I am trying to write down what Maya does or says, as I notice there are some really surprising and cute things going on, that I might tell very few people about. And that in time would vanish, dusted by other moments – that become memories, and that then get dusted as well.
Ubud, Bali, Indonesia, December 2019
We were in one of the Indomarets, a local groceries store chain, where we used to spend our noon little walk, just to get an ice-cream (Maya strawberry, me durian flavor) or some fresh jackfruit.
Sometimes I was buying her some little animal stickers, just because we used to love sticking them in all sorts of places or parts of our bodies. And this time, looking for some new bits of plastic to play with, Maya noticed the little metal car models, for a change. She noticed one, and then the few ones underneath. I suggested her to pick one of her choice. I do that. I show her various options and then she picks. I think maybe this would help her develop her own style and taste, make her own decisions.
Just that, this time, Maya did not make up her mind on only one car. She really wanted two. One turquoise and yellow, that I was really fancying and this is why I specifically showed it to her, in the first place. And the other one dull and orange, with two black horizontal lines – such a classic car.
I asked her to make up her mind; and to make a choice. And she told me, after some dancing going on, on one foot and then the other, that she has made her choice. She wants them both. The turquoise and the orange. Not one, but two.

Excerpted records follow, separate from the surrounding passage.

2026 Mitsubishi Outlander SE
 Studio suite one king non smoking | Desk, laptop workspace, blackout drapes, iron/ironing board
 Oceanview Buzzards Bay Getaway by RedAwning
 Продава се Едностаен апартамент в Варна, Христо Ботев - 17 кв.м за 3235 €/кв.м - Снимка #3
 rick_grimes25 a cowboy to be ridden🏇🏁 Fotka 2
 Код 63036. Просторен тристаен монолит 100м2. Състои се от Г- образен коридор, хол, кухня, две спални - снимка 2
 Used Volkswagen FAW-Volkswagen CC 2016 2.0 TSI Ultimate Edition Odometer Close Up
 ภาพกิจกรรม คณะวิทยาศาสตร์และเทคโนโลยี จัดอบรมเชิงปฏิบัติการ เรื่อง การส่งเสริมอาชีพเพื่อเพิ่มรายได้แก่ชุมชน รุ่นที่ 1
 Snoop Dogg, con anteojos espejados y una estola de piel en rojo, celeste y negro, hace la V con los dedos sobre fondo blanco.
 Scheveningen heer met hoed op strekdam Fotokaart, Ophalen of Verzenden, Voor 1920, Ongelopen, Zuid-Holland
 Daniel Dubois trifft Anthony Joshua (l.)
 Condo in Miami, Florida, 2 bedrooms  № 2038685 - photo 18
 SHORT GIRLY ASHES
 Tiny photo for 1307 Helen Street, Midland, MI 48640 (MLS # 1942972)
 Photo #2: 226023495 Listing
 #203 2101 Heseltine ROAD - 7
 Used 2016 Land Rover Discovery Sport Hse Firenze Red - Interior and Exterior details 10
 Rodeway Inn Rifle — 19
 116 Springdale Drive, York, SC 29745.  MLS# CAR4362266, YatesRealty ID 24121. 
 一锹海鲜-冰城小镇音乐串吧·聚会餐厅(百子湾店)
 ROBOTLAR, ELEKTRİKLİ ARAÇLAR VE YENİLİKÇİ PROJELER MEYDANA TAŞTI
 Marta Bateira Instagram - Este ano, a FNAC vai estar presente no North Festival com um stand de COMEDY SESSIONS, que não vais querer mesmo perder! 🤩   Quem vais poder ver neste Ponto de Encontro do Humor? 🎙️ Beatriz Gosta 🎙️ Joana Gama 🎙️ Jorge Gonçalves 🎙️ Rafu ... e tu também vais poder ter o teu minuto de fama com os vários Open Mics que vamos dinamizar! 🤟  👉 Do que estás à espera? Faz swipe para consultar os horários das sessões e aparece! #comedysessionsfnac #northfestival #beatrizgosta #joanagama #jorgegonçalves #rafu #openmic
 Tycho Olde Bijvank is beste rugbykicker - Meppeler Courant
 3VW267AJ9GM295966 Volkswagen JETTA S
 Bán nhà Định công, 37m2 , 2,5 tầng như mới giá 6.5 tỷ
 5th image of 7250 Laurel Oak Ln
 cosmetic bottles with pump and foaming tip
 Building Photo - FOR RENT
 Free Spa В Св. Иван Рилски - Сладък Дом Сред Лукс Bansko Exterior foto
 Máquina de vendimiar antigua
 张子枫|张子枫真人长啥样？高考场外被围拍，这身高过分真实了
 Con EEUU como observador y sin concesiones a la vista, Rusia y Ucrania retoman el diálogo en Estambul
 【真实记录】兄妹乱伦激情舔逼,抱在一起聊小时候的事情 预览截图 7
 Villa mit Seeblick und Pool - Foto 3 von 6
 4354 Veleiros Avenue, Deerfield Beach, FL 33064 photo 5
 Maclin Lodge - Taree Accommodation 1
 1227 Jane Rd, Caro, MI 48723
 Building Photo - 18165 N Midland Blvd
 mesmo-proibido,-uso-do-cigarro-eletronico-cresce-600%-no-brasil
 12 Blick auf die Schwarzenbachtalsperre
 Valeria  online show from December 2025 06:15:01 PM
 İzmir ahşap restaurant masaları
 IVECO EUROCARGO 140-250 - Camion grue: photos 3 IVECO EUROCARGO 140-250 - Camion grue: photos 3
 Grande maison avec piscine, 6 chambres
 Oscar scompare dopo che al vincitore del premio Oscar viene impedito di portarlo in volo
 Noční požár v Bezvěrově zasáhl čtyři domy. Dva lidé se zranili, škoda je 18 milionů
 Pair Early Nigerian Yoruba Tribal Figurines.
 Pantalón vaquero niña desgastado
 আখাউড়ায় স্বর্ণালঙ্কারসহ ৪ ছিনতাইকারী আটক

In my mind, I panicked a little bit. It didn’t show, though. But I felt blocked. And paralyzed. All sorts of questions popped up. What if I set up a precedent? How can I not impose my rules upon her? My adult control is out of order, and she is out of control. A series of affirmations and questions that, in that very second, summed up in my mind as the beginning of the end. What end? The end of my authority and power as a parent.
And then, I just felt a tiny bit of space in that mind. I doubted it, and then I forced it, and then it just became natural. That space was telling me to let it be. To go with it. To trust her. That space was educated. Perhaps my reads, perhaps Natural Child or Continuum Concept, perhaps the Circle of Safety philosophy. Hack knows. It was and is a space that was educated and that I work so very hard on maintaining, every single day. When I don’t mess up, of course. Just because I didn’t grow up with it. My subconscious mind is not educated with these freedom values for the child.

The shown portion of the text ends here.